Use Gram-Schmidt Pan Sharpening to sharpen multispectral data using high spatial resolution data.

The source images must be georeferenced to a standard map projection. If the images have different projections, ENVI reprojects the low-resolution image before performing the sharpening. For RPC-based images (for example, Pleiades and WorldView-2), please use the NNDiffuse or SPEAR pan sharpening tools.

You can also write a script to perform pan sharpening using the GramSchmidtPanSharpening task.

Pan-sharpening algorithms are used to sharpen multispectral data using high spatial resolution panchromatic data. An underlying assumption of these algorithms is that you can accurately estimate what the panchromatic data would look like using lower spatial resolution multispectral data.

The Gram-Schmidt and PC spectral sharpening tools both create pan-sharpened images, but using different techniques. Generally speaking, the Gram-Schmidt method is more accurate than the PC method and is recommended for most applications. Gram-Schmidt is typically more accurate because it uses the spectral response function of a given sensor to estimate what the panchromatic data look like.

If you display a Gram-Schmidt pan-sharpened image and a PC pan-sharpened image, the visual differences are very subtle. The differences are in the spectral information; compare a Z Profile of the original image with that of the pan-sharpened image to see the differences in spectral information, or calculate a covariance matrix for both images. The effect of pan sharpening is best revealed in images with homogenous surface features (flat deserts or water, for example).

The low spatial resolution spectral bands to use to simulate the panchromatic band must fall in the range of the high spatial resolution panchromatic band or they will not be included in the resampling process.

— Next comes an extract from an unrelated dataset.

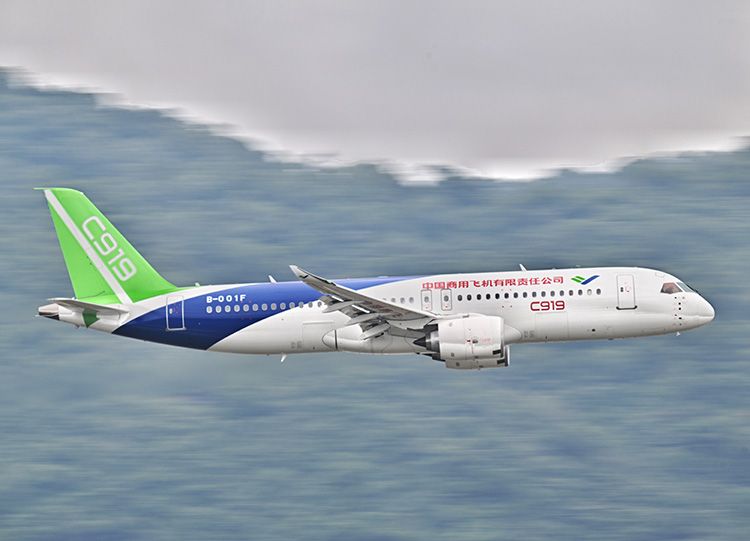 新闻多一度|国产大飞机C919商业航班机票开售下周上海飞成都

ENVI performs Gram-Schmidt spectral sharpening by:

  1. Simulating a panchromatic band from the lower spatial resolution spectral bands.
  2. Performing a Gram-Schmidt transformation on the simulated panchromatic band and the spectral bands, using the simulated panchromatic band as the first band.
  3. Swapping the high spatial resolution panchromatic band with the first Gram-Schmidt band.
  4. Applying the inverse Gram-Schmidt transform to form the pan-sharpened spectral bands.


Laben et al., Process for Enhancing the Spatial Resolution of Multispectral Imagery Using Pan-Sharpening, US Patent 6,011,875.

Note: Ensure that you have adequate disk space before performing a Gram-Schmidt transformation, because this process creates an output file and several temporary files. An error message will appear during the process if you do not have adequate disk space.

To apply Gram-Schmidt spectral sharpening:

  1. From the Toolbox, select Image Sharpening > Gram-Schmidt Pan Sharpening.
  2. Select the low-resolution multispectral input file, perform optional spatial and spectral subsetting and/or masking, then click OK.
  3. Select the high-resolution input band, then click OK.
  4. From the Sensor drop-down list, select the sensor that the image was acquired from. If the sensor is not listed here, select Unknown.
  5. From the Resampling drop-down list, select a method: Nearest Neighbor, Bilinear (default), or Cubic Convolution.
  6. From the Output Format drop-down list, select ENVI or TIFF image format.
  7. Select an output filename and folder.
  8. Click OK. ENVI adds the resulting output to the Layer Manager.